By AFP - Jul 24,2019 - Last updated at Jul 24,2019

Pro-government forces gather south of the Hodeida airport in Yemen on June 15, 2018 (AFP photo)

DUBAI — The United Arab Emirates has said it is not leaving Yemen despite a redeployment of its forces in the war-torn country, as Houthi rebels said they were ready to stop attacks on Saudi Arabia.

The UAE is a key partner in a Saudi-led military coalition which intervened in Yemen in 2015 to back the internationally recognised government of President Abed Rabbo Mansour Hadi against Iran-aligned Houthi rebels.

Earlier this month it said it was redeploying and reducing troops across Yemen and moving from a "military-first" strategy to a "peace-first" plan.

"Just to be clear, the UAE and the rest of the coalition are not leaving Yemen," UAE minister of state for foreign affairs Anwar Gargash said in an op-ed published Monday in The Washington Post.

“While we will operate differently, our military presence will remain. In accordance with international law, we will continue to advise and assist local Yemen forces.”

Gargash said Houthis should see the UAE move as a “confidence-building measure to create new momentum to end the conflict”.

“As the United Arab Emirates draws down and redeploys its forces in Yemen, we do so in the same way we began — with eyes wide open”, he said. 

“There was no easy victory and there will be no easy peace. But now is the time to double down on the political process.” 

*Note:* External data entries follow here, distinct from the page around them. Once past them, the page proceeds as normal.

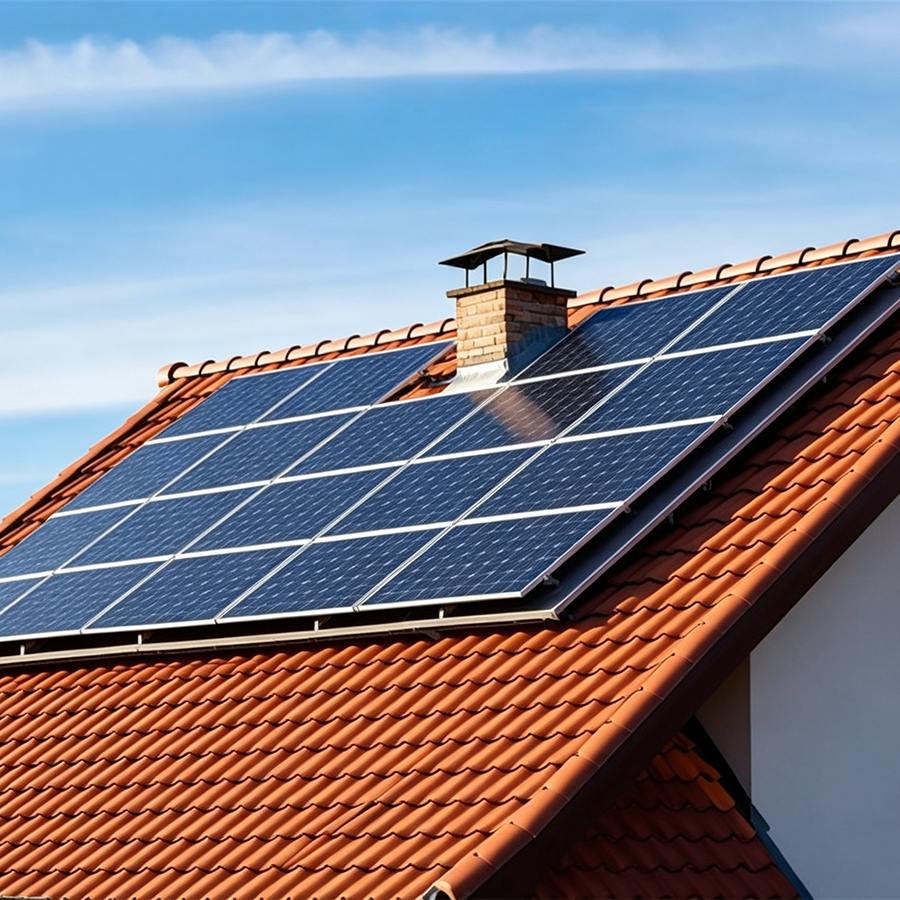 Rooftop PV System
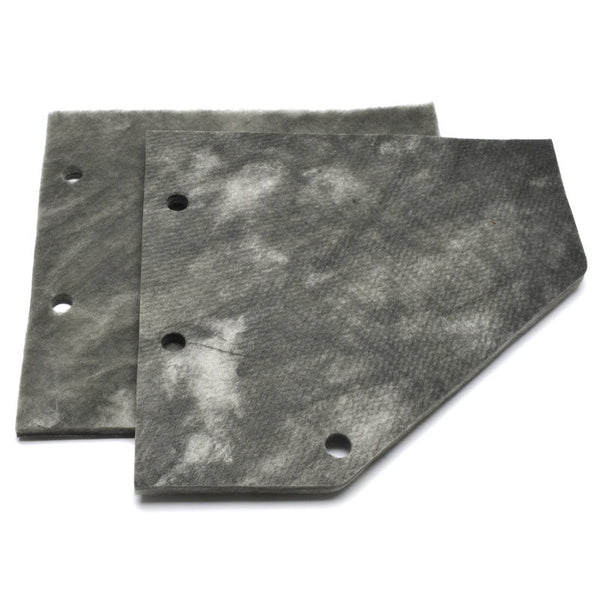 1965-1968 Mustang Kick Panel Insulation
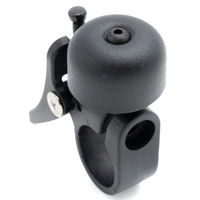 Schwarze Glocke für Xiaomi M365/Pro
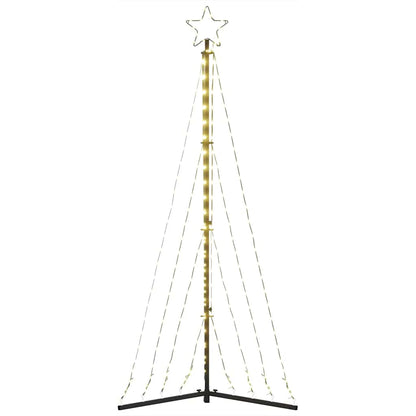 LED-kerstboom 339 LEDs warm wit 187 cm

The warring sides have fought to a stalemate, and several rounds of UN-sponsored talks, the last held in Sweden in December, have failed to implement any deal to end the war.

 

‘Ready for talks’ 

 

Since 2015, tens of thousands of people — mostly civilians — have been killed in the conflict described by the United Nations as the world’s worst humanitarian crisis.

The conflict has also seen the Houthis launch repeated attacks on Saudi Arabia, including at least 20 missile and drone strikes on the oil-rich kingdom in June alone.

Saudi advanced air defences successfully intercepted most of the strikes but failed to deal with some, including a drone attack on the vital airport of Abha, in the south, that killed one person and injured 21 others.

On Tuesday, the Houthis’ top political leader Mahdi Al Mashat said the group was ready to stop attacks on Saudi Arabia and engage in a dialogue with it but on certain conditions.

“[We] are fully prepared to stop missile and air strikes if the enemy takes similar measures and facilitates the flow of basic aid through ports, and then we can begin a political process,” he said, according to the Houthis’ SABA news agency.

He also denied that the Houthis were “puppets” of Iran.

Mashat made the comments during a visit to Sanaa by Robert Malley, president of the International Crisis Group consultancy and a former adviser to US ex-president Barack Obama.

The visit by an American and think tank head to the rebel-held Yemeni capital is notably rare.

Malley, in a Tweet, said he visited Sanaa as part of a trip that has already taken him to Aden, seat of Yemen’s internationally recognised government, as “part of our efforts to speak to all sides and help bring an end to the catastrophic Yemen war”.